▼

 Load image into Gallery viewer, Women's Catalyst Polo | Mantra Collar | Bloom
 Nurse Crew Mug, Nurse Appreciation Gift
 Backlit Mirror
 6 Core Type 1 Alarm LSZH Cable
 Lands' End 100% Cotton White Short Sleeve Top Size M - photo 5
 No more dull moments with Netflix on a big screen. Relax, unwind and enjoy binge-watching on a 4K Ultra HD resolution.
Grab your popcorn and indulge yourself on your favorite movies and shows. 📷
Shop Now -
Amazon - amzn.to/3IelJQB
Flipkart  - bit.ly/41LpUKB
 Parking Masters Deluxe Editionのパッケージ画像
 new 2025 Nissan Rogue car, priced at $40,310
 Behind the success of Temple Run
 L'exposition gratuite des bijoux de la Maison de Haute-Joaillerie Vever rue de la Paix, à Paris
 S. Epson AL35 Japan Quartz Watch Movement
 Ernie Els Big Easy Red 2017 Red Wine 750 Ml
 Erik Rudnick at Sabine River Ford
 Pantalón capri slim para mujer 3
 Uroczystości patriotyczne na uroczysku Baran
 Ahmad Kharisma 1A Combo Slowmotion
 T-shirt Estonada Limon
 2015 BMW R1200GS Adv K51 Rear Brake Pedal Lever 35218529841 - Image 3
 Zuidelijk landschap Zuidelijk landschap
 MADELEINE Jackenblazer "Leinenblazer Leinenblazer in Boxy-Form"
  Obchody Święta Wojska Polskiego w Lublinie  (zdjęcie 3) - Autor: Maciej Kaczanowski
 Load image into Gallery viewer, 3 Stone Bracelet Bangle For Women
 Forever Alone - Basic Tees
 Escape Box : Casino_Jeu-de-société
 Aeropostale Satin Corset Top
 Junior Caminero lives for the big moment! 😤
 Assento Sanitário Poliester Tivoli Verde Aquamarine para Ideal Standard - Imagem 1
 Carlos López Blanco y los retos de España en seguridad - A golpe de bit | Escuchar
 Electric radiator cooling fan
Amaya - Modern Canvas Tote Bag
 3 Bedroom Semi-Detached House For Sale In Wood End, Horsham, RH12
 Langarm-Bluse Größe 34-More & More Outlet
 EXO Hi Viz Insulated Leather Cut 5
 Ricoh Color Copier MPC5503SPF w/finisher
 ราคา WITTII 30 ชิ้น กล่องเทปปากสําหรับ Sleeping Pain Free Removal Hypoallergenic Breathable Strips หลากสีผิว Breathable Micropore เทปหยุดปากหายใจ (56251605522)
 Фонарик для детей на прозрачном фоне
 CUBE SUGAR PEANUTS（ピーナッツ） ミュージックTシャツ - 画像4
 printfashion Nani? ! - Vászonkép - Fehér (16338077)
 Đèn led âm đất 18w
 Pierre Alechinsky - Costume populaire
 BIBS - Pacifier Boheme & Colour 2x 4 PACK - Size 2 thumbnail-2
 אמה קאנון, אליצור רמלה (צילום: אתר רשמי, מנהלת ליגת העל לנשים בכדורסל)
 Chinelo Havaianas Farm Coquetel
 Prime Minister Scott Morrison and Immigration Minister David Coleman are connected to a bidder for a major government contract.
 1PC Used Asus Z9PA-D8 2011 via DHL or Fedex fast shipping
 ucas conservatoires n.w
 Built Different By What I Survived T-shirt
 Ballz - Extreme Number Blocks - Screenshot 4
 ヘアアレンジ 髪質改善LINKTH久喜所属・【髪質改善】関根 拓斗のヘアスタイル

▲

* What the task requires *
Give back, word for word, only the lines from the one containing "1PC Used Asus" through the closing line of the entries.

* Solved problem *
 1PC Used Asus Z9PA-D8 2011 via DHL or Fedex fast shipping
 ucas conservatoires n.w
 Built Different By What I Survived T-shirt
 Ballz - Extreme Number Blocks - Screenshot 4
 ヘアアレンジ 髪質改善LINKTH久喜所属・【髪質改善】関根 拓斗のヘアスタイル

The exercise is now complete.